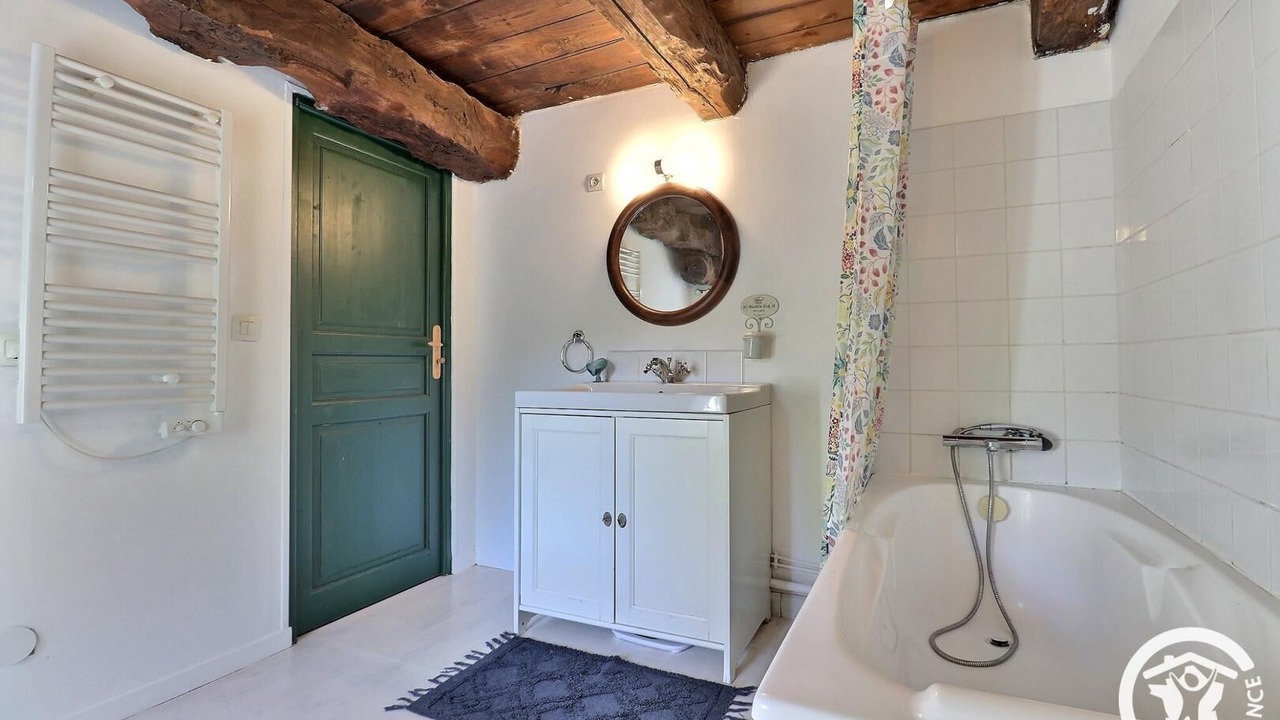 Photo of Bathroom in Combourg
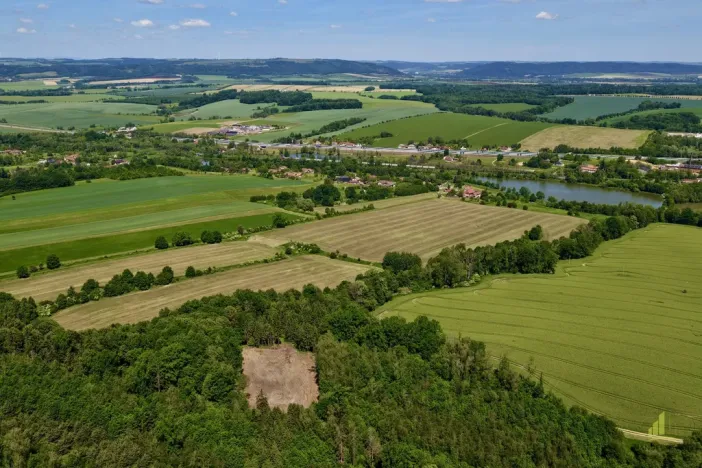Prodej pozemku pro bydlení, Polom, 39934 m2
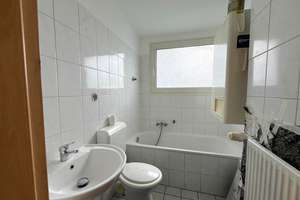 Frisch renovierte 3,5-Zimmer-Wohnung in Oberhausen-Osterfeld – Bergstr. 101, 46119 Heide, Oberhausen – Vorschaubild 5
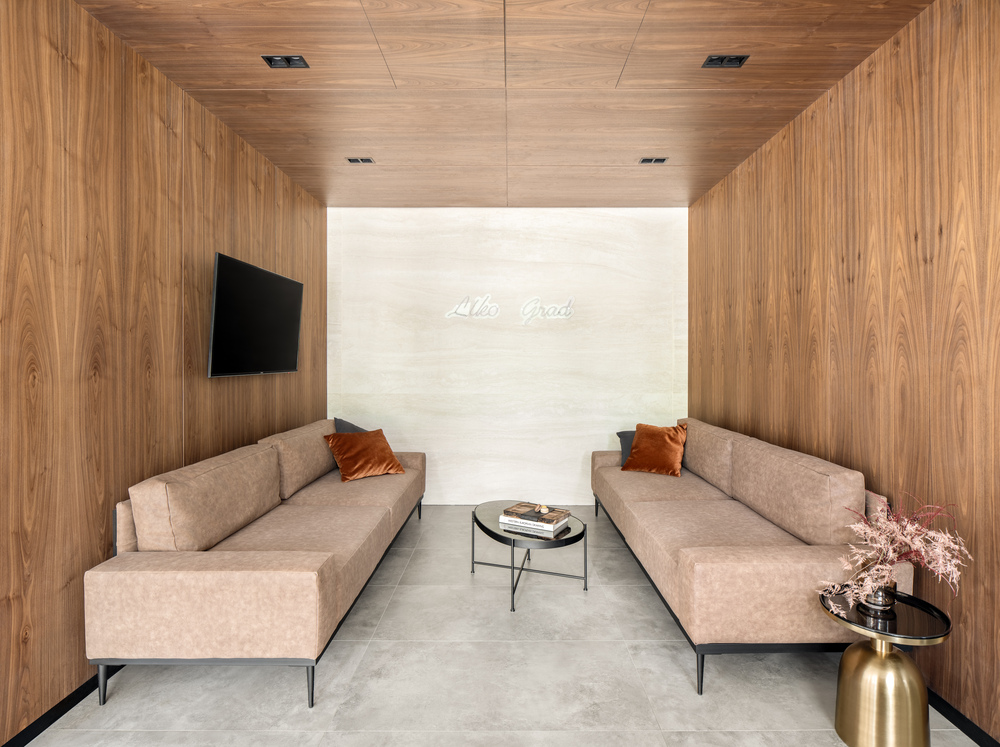 A Minimalist Office by Alta Idea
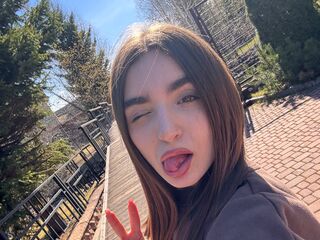 camgirl masturbating with dildo ValarieZohn
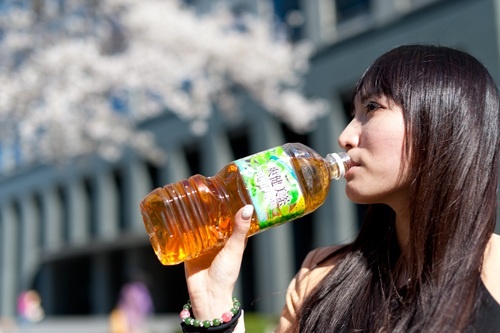 飲む！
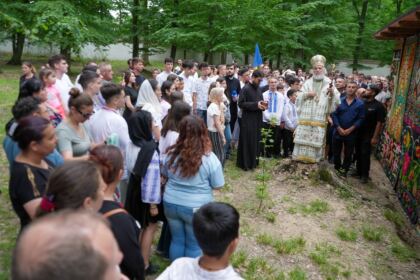 Sărbătoarea tinerilor la Mănăstirea Buciumeni – fotografia 59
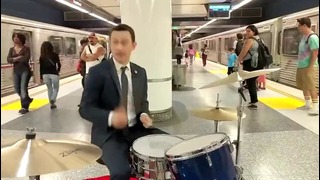 Джозеф Гордон-Левитт сыграл на барабанах в метро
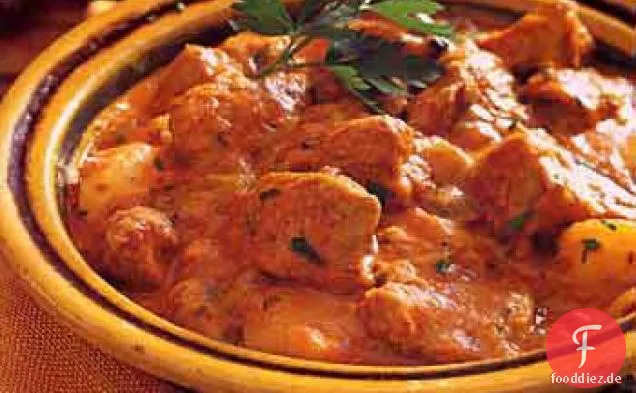 Kalbfleisch und Tomaten-Ragoût mit Kartoffeln, Zimt und Sahne
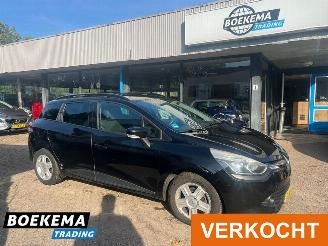 krockskadad bil auto Renault Clio Estate 1.5 dCi Expression Navi Cruise PDC Airco 2016/5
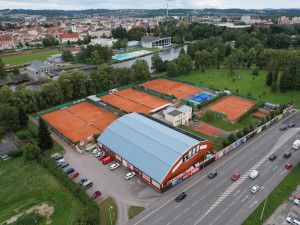 Nové sportoviště padel: Sport 21. století přichází do Českých Budějovic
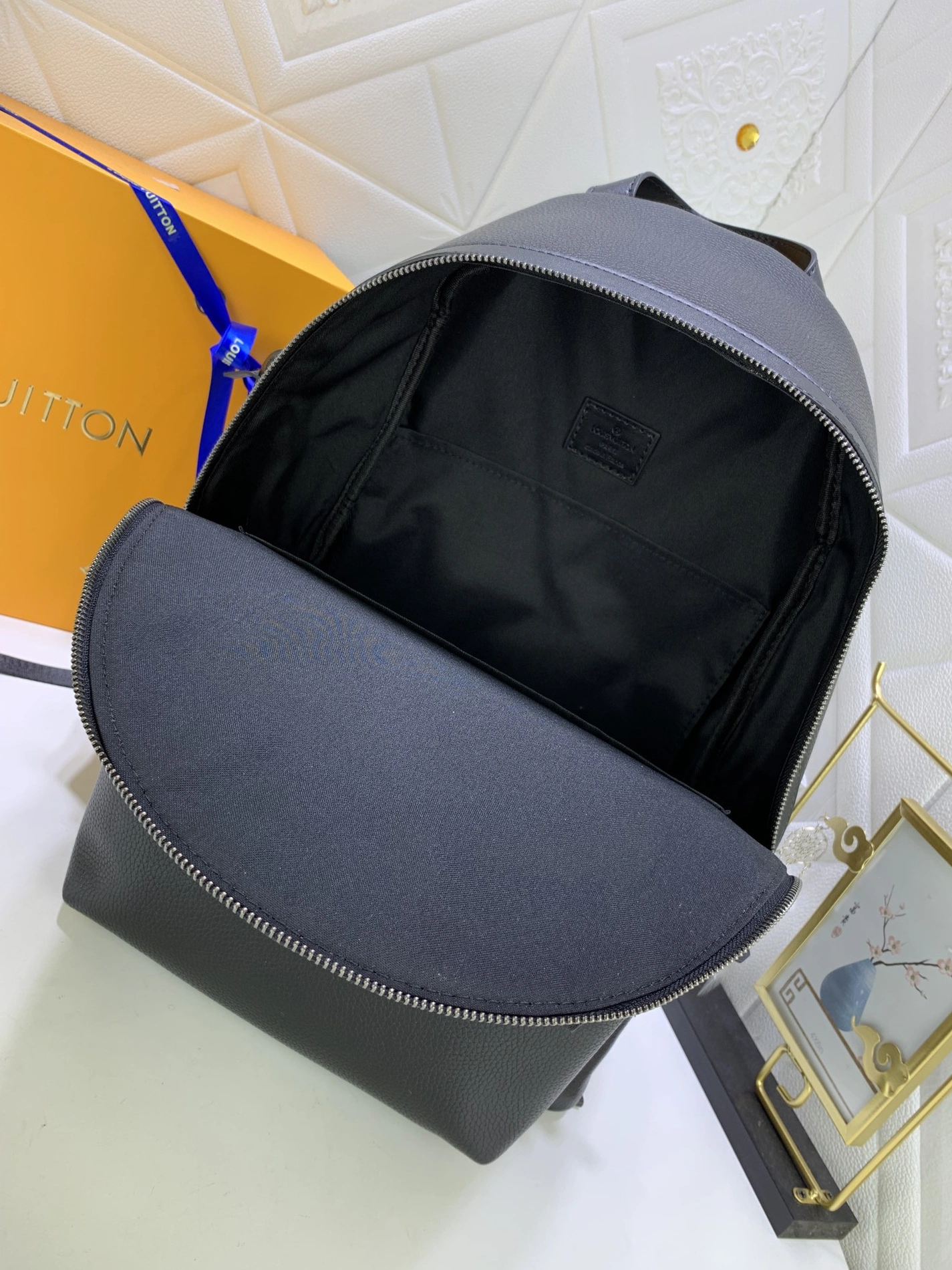 Louis Vuitton LV AAA Man Backpacks Classic 7602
══════════════════════════════
◆ Task to carry out: None of the pictures should appear; repeat the records exactly otherwise.

◆ Worked solution:
 Photo of Bathroom in Combourg
Prodej pozemku pro bydlení, Polom, 39934 m2
 Frisch renovierte 3,5-Zimmer-Wohnung in Oberhausen-Osterfeld – Bergstr. 101, 46119 Heide, Oberhausen – Vorschaubild 5
 A Minimalist Office by Alta Idea
 camgirl masturbating with dildo ValarieZohn
 飲む！
 Sărbătoarea tinerilor la Mănăstirea Buciumeni – fotografia 59
 Джозеф Гордон-Левитт сыграл на барабанах в метро
 Kalbfleisch und Tomaten-Ragoût mit Kartoffeln, Zimt und Sahne
 krockskadad bil auto Renault Clio Estate 1.5 dCi Expression Navi Cruise PDC Airco 2016/5
 Nové sportoviště padel: Sport 21. století přichází do Českých Budějovic
 Louis Vuitton LV AAA Man Backpacks Classic 7602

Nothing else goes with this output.